Though scholars may differ in their interpretation of text, the central idea seems to be very clear. Sonnet 126 deals with a marked lapse of time and leads the reader to the realization that the relationship between author and subject has continued on for years but has now begun to wane or fizzle out. Ramsey, too, believes that the central idea rests in the reality of the natural relation that must be paid and the truth that must be faced by the author. Through these words, it is divulged that love changes, beauty passes, and men die.

==Missing text==
While previous sonnets of this sequence act to console against attempt to circumvent time's inevitable destructive victory, scholars have argued that 126 concedes the point. Rather than suggest that the boy can indeed find a way around time, "here the speaker makes no such proposals; this twelve-line poem lacks the final two lines where, in the sonnet, the speaker often constructs his consolations. By the end of this subsequence, mutability has proved to be the speaker's ally rather than a foe to be defeated. Instead of seeking consolations for the destruction of beauty, the final three couplets simply warn the young man of nature's inevitable defeat at the hands of time". The speaker here seems to accept, rather than fight against, the inevitability of time's changes.

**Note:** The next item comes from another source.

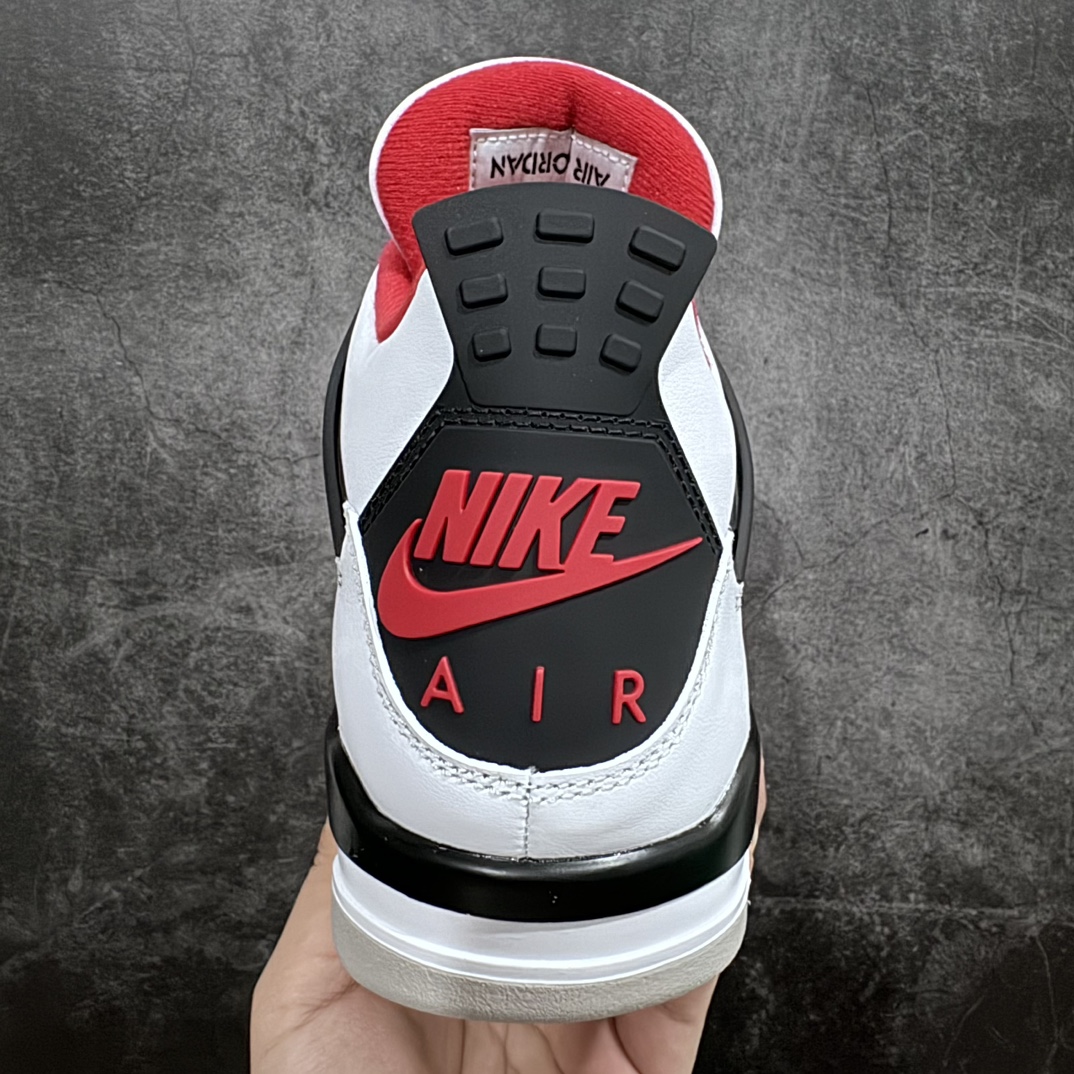 图片[4]-【老DT版本】Air Jordan AJ4 Retro \”Fire Red\” 火焰红 DC7770-160新出的版本批次真心不错n原厂皮料 细腻质感满分 裁片超高清洁度绝对秒杀市场各种同行版本n 全套原纸板楦头开发 原厂特供皮料加持 确保原汁原味 完美呈现四代版型 一比一鞋头弧度高度鞋身弧度 数据细节工艺流程均保持原鞋一致 原厂TPU网格鞋带扣 正确内里网布 菱角分明不变形无多余毛边 柔软性质感一致于原鞋 市场唯一原厂鞋扣模具 背面可见隐藏注塑口 原厂织唛标 原厂飞人电绣工艺 尾指中部跳三针 独家绑鞋带手法 印刷中底布 四线拉帮 米色美纹纸贴合固定 进口港宝加持 后跟自然饱满 全鞋荧光划线卡点 追求极致完美 每一双都是工艺品 多重QC质检 超越公司货的品控标准 实实在在的免检产品  尺码：40 40.5 41 42 42.5 43 44 44.5 45 45.5 46 47.5-莆田鞋批发中心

While inherent, unpreventable change at the hands of time stand as a negative throughout the previous poems, it here takes on a beneficial role. Although the boy's beauty may be destroyed by time, time has also waned the speaker's love, making this destruction more bearable. As Stockard argues, "Shakespeare…constructs the sequence so as to demonstrate the consolation provided by the waning of the speaker's love, and in the final sonnet of the first subsequence the speaker accepts the consolation that changing reality provides". In accepting the reality of his unrequited, and ultimately shifting, love, the speaker is able to find peace, to some extent, in his relationship with the boy.